UN Secretary-General Ban Ki-moon on Monday condemned the move to expel Toby Lanzer, deputy head of the UN Mission in South Sudan, and said the British-born envoy had been “instrumental in addressing the increasing humanitarian needs of conflict-affected communities” in South Sudan.
Presidential spokesman Ateny Wek Ateny told Reuters: “It is impossible to reverse … [the] idea of expelling Toby Lanzer.” The cabinet came to the decision after Lanzer made comments that were “completely against the government.”
He gave no details. Lanzer has been active on Twitter, where he often posts messages about the dire situation in a country that has been mired in conflict since late 2013.
Lanzer had been due to leave shortly and his successor, Eugene Owusu of Ghana, has already been nominated.
More than 2 million people have fled their homes, with 555,000 departing for neighboring states.

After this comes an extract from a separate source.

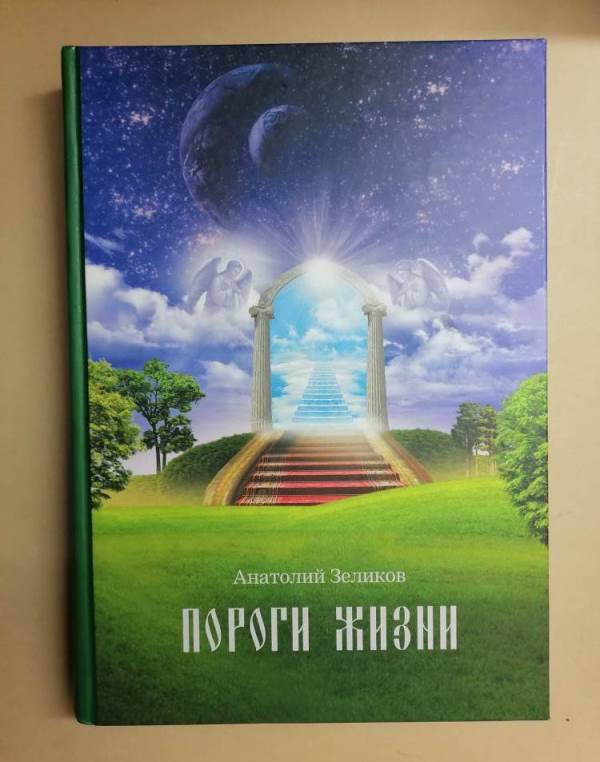 Книга Пороги жизни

About a third of the nation’s 11 million people rely on food and other aid.
Fighting has pitted soldiers backing President Salva Kiir, the country’s leader since independence from Sudan in 2011, against those loyal to his former deputy Riek Machar, who was sacked from his post in mid-2013.
The conflict, which has flared up since the end of the rainy season in recent months, tends to follow ethnic lines that divided southern tribes even before independence. Kiir is an ethnic Dinka and Machar is from the Nuer group.
Peace talks in Ethiopia, sponsored by African states and backed the United States and other countries, have stalled over how to share power between the rival camps. Mediators have been trying to restart negotiations.
Kiir held discussions on Tuesday in Juba with visiting African mediators, including South African Vice-President Cyril Ramaphosa, as part of efforts to reunify the fractured ranks of Kiir’s ruling SPLM party, Ateny said.
Kiir also met a group of South Sudanese political opponents who were detained early in the crisis before being allowed to leave for Kenya. Of the 10 originally detained, five returned on Monday as an advanced party.
“We have come back for dialogue with our colleagues in SPLM and for dialogue also with our colleagues in the government of South Sudan,” former minister Deng Alor said on arrival in Juba.
Ateny said the remaining five would come back on June 25.